Which lines run from the start of the data below to the line containing "Jeugdzorg: 50 %"? Set them down exactly, with none added.
------------------------------
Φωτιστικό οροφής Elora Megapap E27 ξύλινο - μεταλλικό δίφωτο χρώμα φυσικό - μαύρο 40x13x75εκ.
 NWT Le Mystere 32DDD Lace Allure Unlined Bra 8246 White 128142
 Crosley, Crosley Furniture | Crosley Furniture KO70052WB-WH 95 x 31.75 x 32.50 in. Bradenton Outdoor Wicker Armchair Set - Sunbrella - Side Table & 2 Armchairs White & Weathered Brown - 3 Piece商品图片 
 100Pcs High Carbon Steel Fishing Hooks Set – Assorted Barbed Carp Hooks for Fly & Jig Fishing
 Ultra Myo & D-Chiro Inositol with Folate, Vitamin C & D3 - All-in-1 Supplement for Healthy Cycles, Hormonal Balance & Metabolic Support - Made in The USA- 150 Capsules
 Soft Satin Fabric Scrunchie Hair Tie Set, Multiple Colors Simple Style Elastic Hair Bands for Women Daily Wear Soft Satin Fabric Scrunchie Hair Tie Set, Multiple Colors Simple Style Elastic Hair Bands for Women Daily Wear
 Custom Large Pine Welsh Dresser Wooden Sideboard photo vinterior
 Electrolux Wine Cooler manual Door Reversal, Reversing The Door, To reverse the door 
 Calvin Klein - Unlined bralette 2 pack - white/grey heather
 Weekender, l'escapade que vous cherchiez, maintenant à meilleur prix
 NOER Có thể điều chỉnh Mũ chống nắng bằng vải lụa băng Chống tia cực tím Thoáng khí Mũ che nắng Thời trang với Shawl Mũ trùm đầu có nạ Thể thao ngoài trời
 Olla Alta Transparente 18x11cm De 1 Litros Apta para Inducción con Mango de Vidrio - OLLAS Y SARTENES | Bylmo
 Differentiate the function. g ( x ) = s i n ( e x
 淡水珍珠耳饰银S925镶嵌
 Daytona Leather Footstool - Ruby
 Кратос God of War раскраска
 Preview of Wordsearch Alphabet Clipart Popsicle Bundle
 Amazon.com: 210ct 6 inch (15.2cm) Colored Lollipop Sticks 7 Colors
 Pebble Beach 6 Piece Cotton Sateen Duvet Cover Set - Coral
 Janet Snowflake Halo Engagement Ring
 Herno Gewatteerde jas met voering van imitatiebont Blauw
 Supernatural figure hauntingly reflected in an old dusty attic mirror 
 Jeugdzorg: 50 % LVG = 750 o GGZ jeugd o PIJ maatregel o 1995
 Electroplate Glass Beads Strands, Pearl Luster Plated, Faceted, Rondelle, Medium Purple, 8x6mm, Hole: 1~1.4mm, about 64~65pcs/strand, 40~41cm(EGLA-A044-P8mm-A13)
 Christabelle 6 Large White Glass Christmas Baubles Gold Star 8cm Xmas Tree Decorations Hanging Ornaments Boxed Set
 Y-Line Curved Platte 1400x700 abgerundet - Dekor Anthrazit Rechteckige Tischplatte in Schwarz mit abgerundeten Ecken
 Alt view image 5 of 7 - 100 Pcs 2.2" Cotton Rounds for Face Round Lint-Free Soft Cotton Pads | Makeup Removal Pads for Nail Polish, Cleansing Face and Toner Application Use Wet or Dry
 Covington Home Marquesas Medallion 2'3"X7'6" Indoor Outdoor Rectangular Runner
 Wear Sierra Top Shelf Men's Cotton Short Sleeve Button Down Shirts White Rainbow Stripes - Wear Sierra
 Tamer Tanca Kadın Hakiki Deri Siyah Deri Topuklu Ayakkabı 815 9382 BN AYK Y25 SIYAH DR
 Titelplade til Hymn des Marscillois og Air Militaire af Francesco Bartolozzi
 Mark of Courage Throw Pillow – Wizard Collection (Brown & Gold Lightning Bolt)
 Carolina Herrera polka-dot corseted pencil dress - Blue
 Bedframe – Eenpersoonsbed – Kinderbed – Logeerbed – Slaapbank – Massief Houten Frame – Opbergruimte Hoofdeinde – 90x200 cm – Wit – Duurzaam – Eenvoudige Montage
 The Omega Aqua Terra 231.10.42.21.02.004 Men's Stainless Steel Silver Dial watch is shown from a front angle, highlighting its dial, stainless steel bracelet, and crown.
------------------------------
Response for this exercise »
Φωτιστικό οροφής Elora Megapap E27 ξύλινο - μεταλλικό δίφωτο χρώμα φυσικό - μαύρο 40x13x75εκ.
 NWT Le Mystere 32DDD Lace Allure Unlined Bra 8246 White 128142
 Crosley, Crosley Furniture | Crosley Furniture KO70052WB-WH 95 x 31.75 x 32.50 in. Bradenton Outdoor Wicker Armchair Set - Sunbrella - Side Table & 2 Armchairs White & Weathered Brown - 3 Piece商品图片 
 100Pcs High Carbon Steel Fishing Hooks Set – Assorted Barbed Carp Hooks for Fly & Jig Fishing
 Ultra Myo & D-Chiro Inositol with Folate, Vitamin C & D3 - All-in-1 Supplement for Healthy Cycles, Hormonal Balance & Metabolic Support - Made in The USA- 150 Capsules
 Soft Satin Fabric Scrunchie Hair Tie Set, Multiple Colors Simple Style Elastic Hair Bands for Women Daily Wear Soft Satin Fabric Scrunchie Hair Tie Set, Multiple Colors Simple Style Elastic Hair Bands for Women Daily Wear
 Custom Large Pine Welsh Dresser Wooden Sideboard photo vinterior
 Electrolux Wine Cooler manual Door Reversal, Reversing The Door, To reverse the door 
 Calvin Klein - Unlined bralette 2 pack - white/grey heather
 Weekender, l'escapade que vous cherchiez, maintenant à meilleur prix
 NOER Có thể điều chỉnh Mũ chống nắng bằng vải lụa băng Chống tia cực tím Thoáng khí Mũ che nắng Thời trang với Shawl Mũ trùm đầu có nạ Thể thao ngoài trời
 Olla Alta Transparente 18x11cm De 1 Litros Apta para Inducción con Mango de Vidrio - OLLAS Y SARTENES | Bylmo
 Differentiate the function. g ( x ) = s i n ( e x
 淡水珍珠耳饰银S925镶嵌
 Daytona Leather Footstool - Ruby
 Кратос God of War раскраска
 Preview of Wordsearch Alphabet Clipart Popsicle Bundle
 Amazon.com: 210ct 6 inch (15.2cm) Colored Lollipop Sticks 7 Colors
 Pebble Beach 6 Piece Cotton Sateen Duvet Cover Set - Coral
 Janet Snowflake Halo Engagement Ring
 Herno Gewatteerde jas met voering van imitatiebont Blauw
 Supernatural figure hauntingly reflected in an old dusty attic mirror 
 Jeugdzorg: 50 % LVG = 750 o GGZ jeugd o PIJ maatregel o 1995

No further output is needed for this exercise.